Electrons aren’t the only thing I angered. A simple phrase, one I have used on hundreds of occasions, led to the worst morning in recent memory. I intended to be respectful, but it didn’t work out that way. I was in court arguing a motion. The judge, a man of good humor before whom I have appeared many times over the years, asked me if I agreed with what he had just said. I responded, “With all due respect, your Honor, I disagree and here is why.” And that is where the trouble began.

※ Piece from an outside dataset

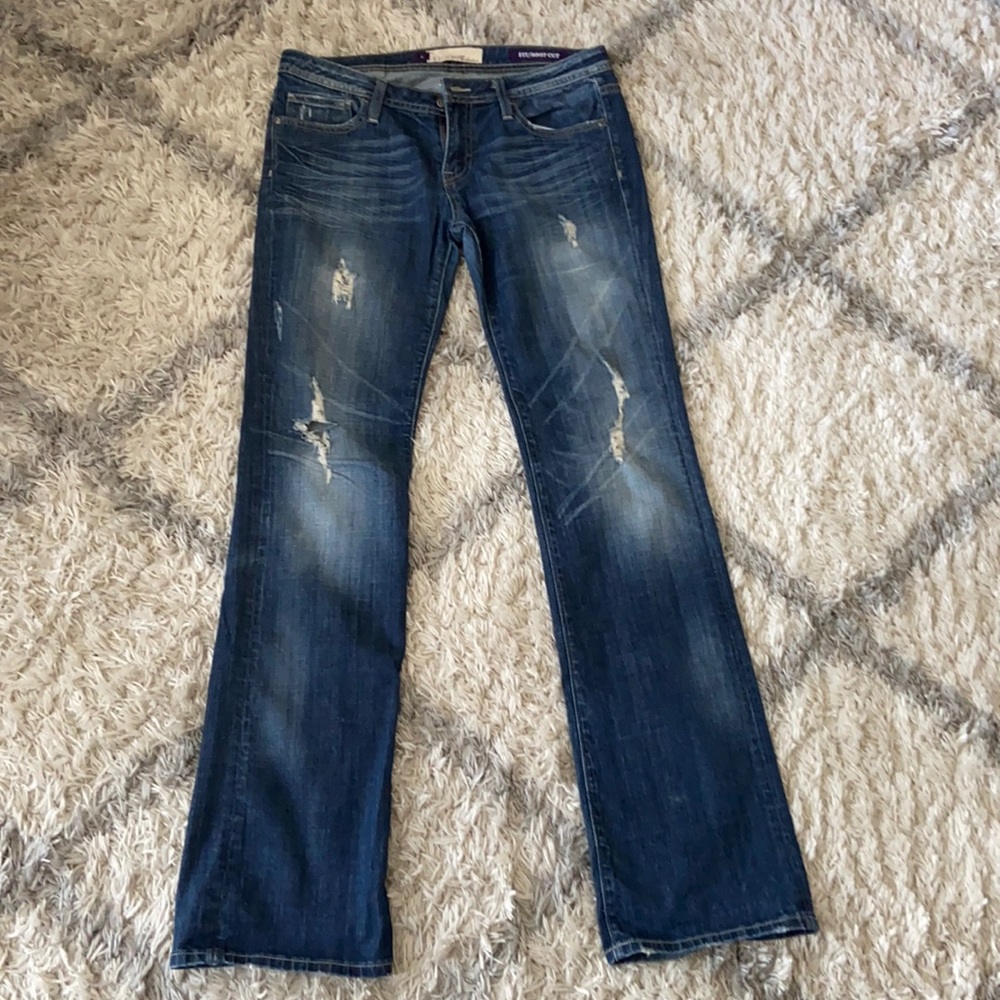 Vigoss Boot Cut jeans size 11 x-long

I had never seen this judge irritated before. I never said “with all due respect” to him before, either. For the next few hours (it seemed) in open court, I was accused of calling the judge stupid, of thinking I was going to outwit the court, and of being insulting under the guise of a compliment. I can assure you that when he was done, I didn’t feel intelligent at all. In fact, all I wanted was a rock to crawl under. I couldn’t help notice the smirks from his court staff but I didn’t care. When he dismissed me, I left his court room as fast as I could, with the little bit of dignity I could muster.

When did this phrase become so odious? One sign of growing older is that you don’t know the latest lingo. Modern pop songs may as well be sung in Greek for me. But when I am losing track of the meaning of words I once knew, I don’t know that age alone can be blamed. Back at my office, I spent the next half hour doing research. Not legal research, but looking up the origins of this idiom. Most of the sources I checked supported my usage of the term- an indication of deference before disagreeing, typically with one of a superior station. It was very little comfort to find strength for my position after walking into a buzz saw, however. Not that this was foreign ground to me, having lost arguments with my lovely wife when I was certain I was right. But I digress.

Last week I was again in front of the judge. All I could think throughout the hearing was “don’t say that thing.” Kind of like the old game of “don’t think of an elephant.” My mouth tried to kill me at least four times by sneaking out the phrase. The judge, in the tradition of a wise jurist, never mentioned our previous meeting. Not that he needed to. I left his court room as though the prior meeting never happened, but as fast as my legs would carry me. When I showed up for court that day, I made a point of being early. No way was I going to compound my last disaster with tardiness. I chatted with the court clerk before anyone else got to the court room. It seemed another lawyer had uttered the forbidden phrase earlier that day, and met the same fate as had I. Misery may love company. I think a warning sign out front would have been better.

© 2011 under analysis llc.  under analysis is a nationally syndicated column of the Levison Group. Spencer Farris is the founding partner of The S.E. Farris Law Firm in St Louis, Missouri. Comments or criticisms about this column may be sent c/o this newspaper or directly to the Levison Group via email at comments@levisongroup.com. With all due respect, of course.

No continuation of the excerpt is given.